[Items from a dataset]
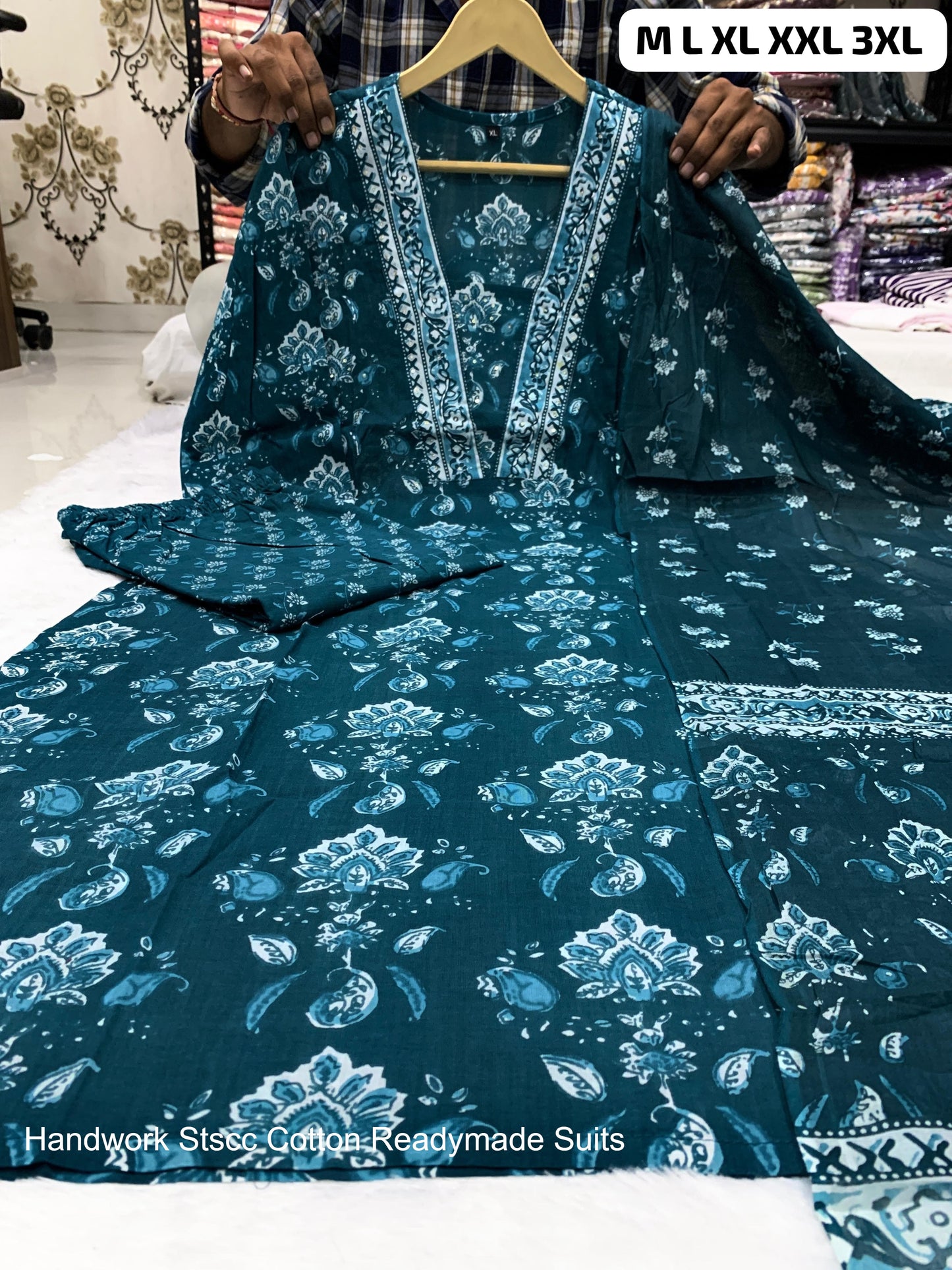 Handwork Stscc Cotton Readymade Suits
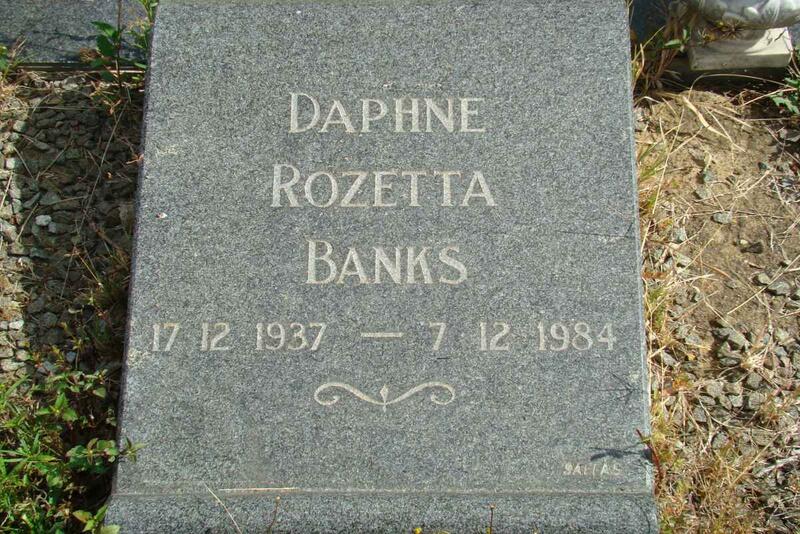 BANKS Daphne Rozetta 1937-1984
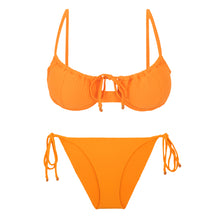 Załaduj obraz do przeglądarki galerii, Product Front: Rio De Sol Zestaw Bikini Set Dots-Mango Balconet-Tie Ibiza-Comfy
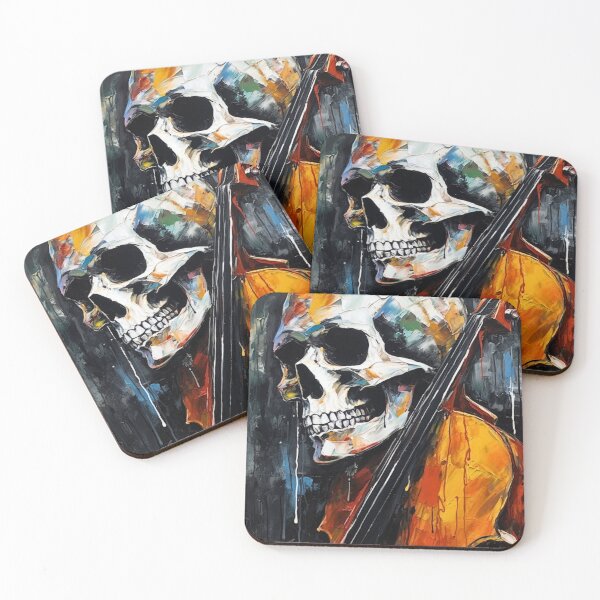 Item preview, V.10 Musical Bones: Acrylic Modern Art Skeleton Design designed and sold by Pexelpanoramas.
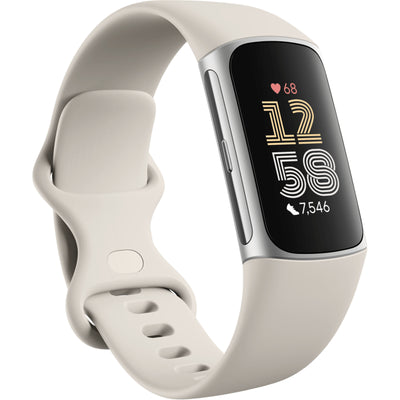 Fitbit Charge 6   Fitness Tracker - Silver / White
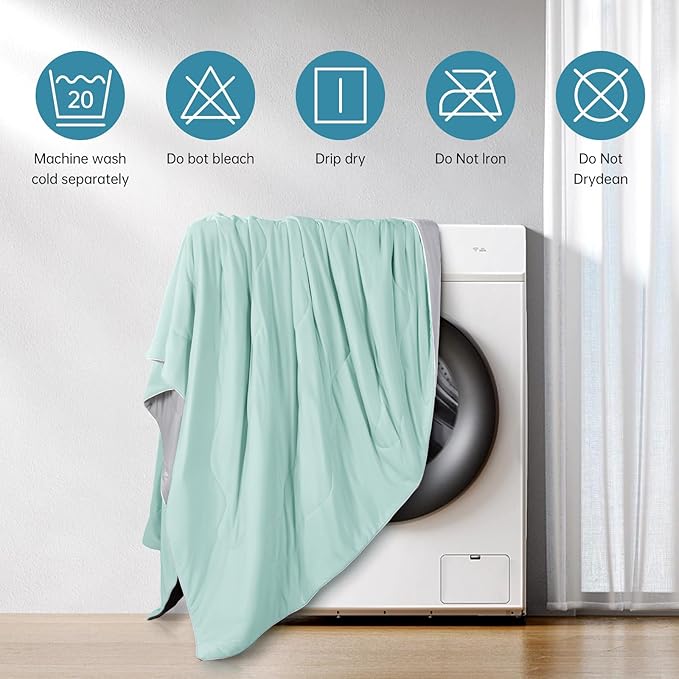 EASELAND Cooling Comforter King, Cold Touch Fabric Absorbs Body Heat, - Image 6
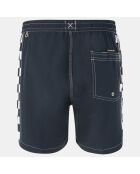 Short de Bain volley adn damier noir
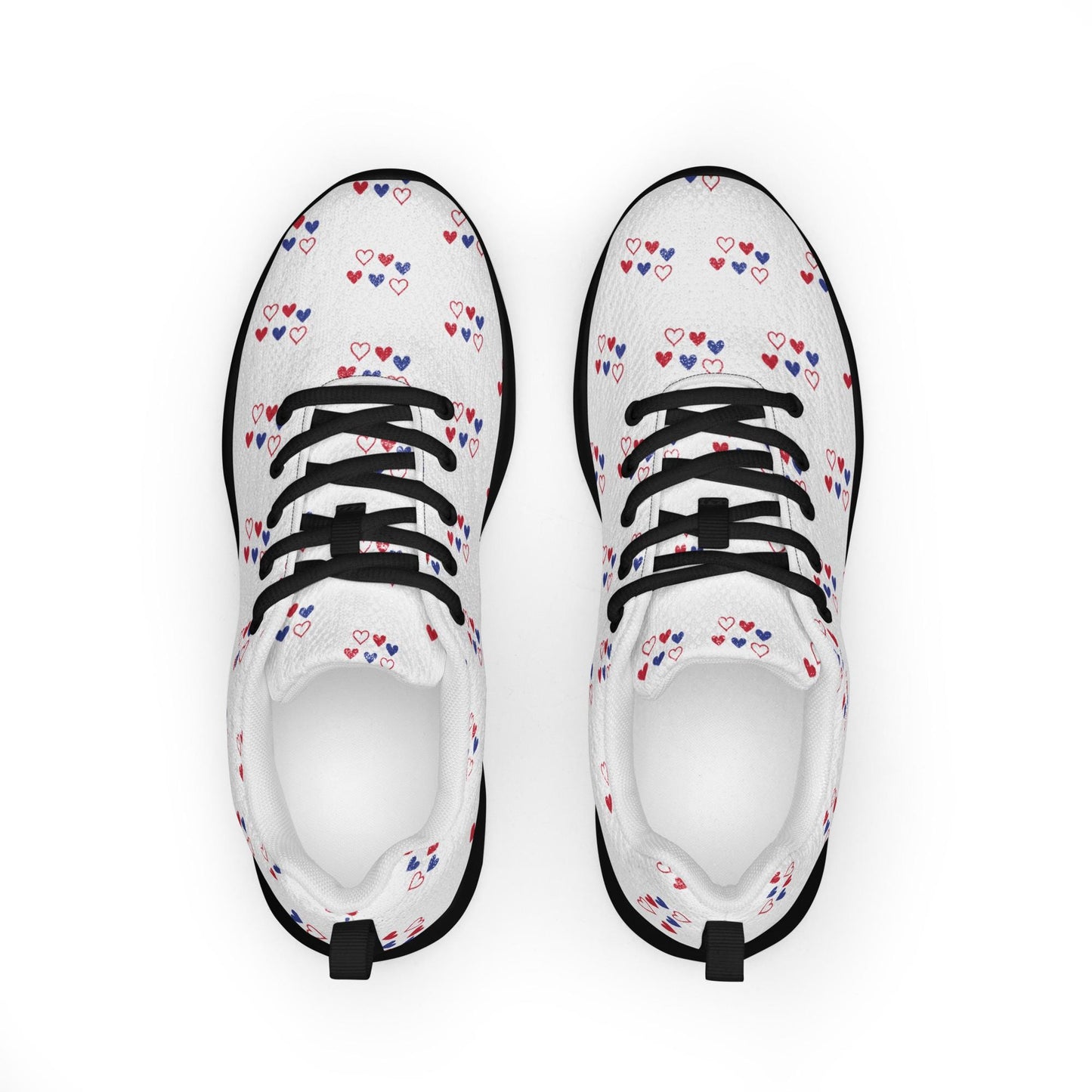 Womens white sneakers with hearts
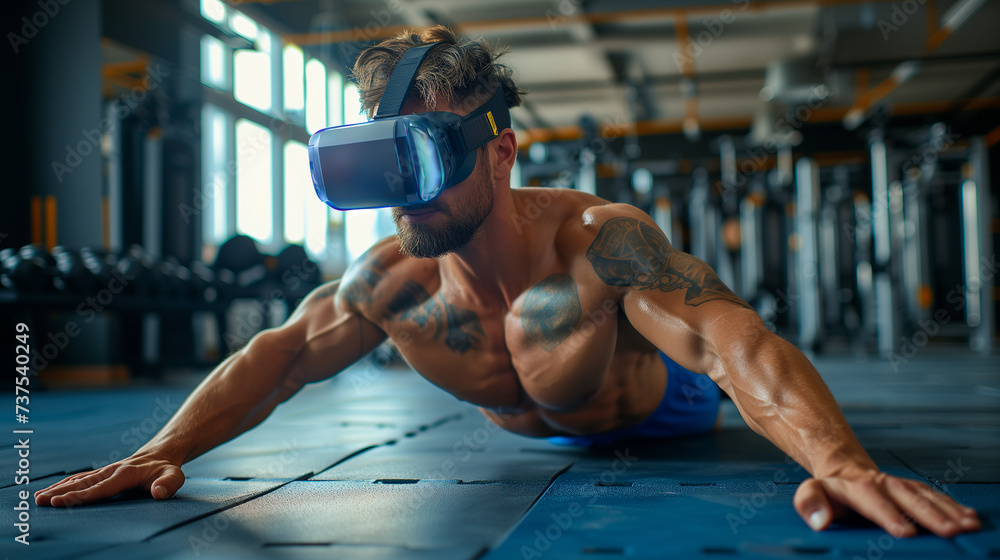 Workout Mask Vr Athlete in VR glasses pushes fitness boundaries with virtual training ...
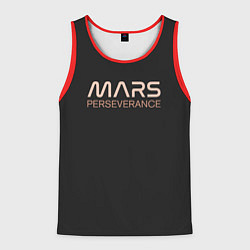Майка-безрукавка мужская Mars, цвет: 3D-красный
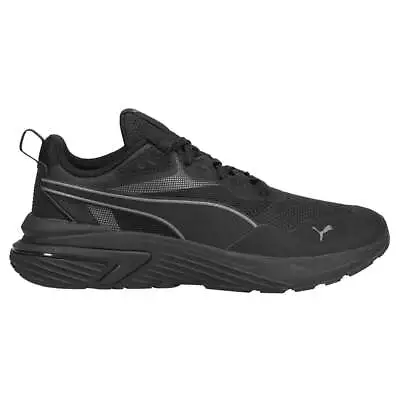 Puma Supertec Running  Mens Black Sneakers Athletic Shoes 38305201 • $42.25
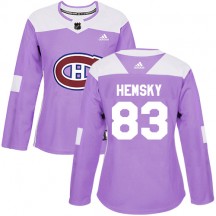Women's Adidas Montreal Canadiens Ales Hemsky Purple Fights Cancer Practice Jersey - Authentic
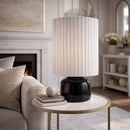 Hospitality furniture - Reeded Linen Accent Table Lamp - www.oroatrade.com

REQUIRED ACTION:
Your task is to reproduce the entries above word for word, from the first line through the line with "Fitbit Charge 6", and please leave out any pictures.

RESPONSE FOR THIS EXERCISE:
 Handwork Stscc Cotton Readymade Suits
 BANKS Daphne Rozetta 1937-1984
 Załaduj obraz do przeglądarki galerii, Product Front: Rio De Sol Zestaw Bikini Set Dots-Mango Balconet-Tie Ibiza-Comfy
 Item preview, V.10 Musical Bones: Acrylic Modern Art Skeleton Design designed and sold by Pexelpanoramas.
 Fitbit Charge 6   Fitness Tracker - Silver / White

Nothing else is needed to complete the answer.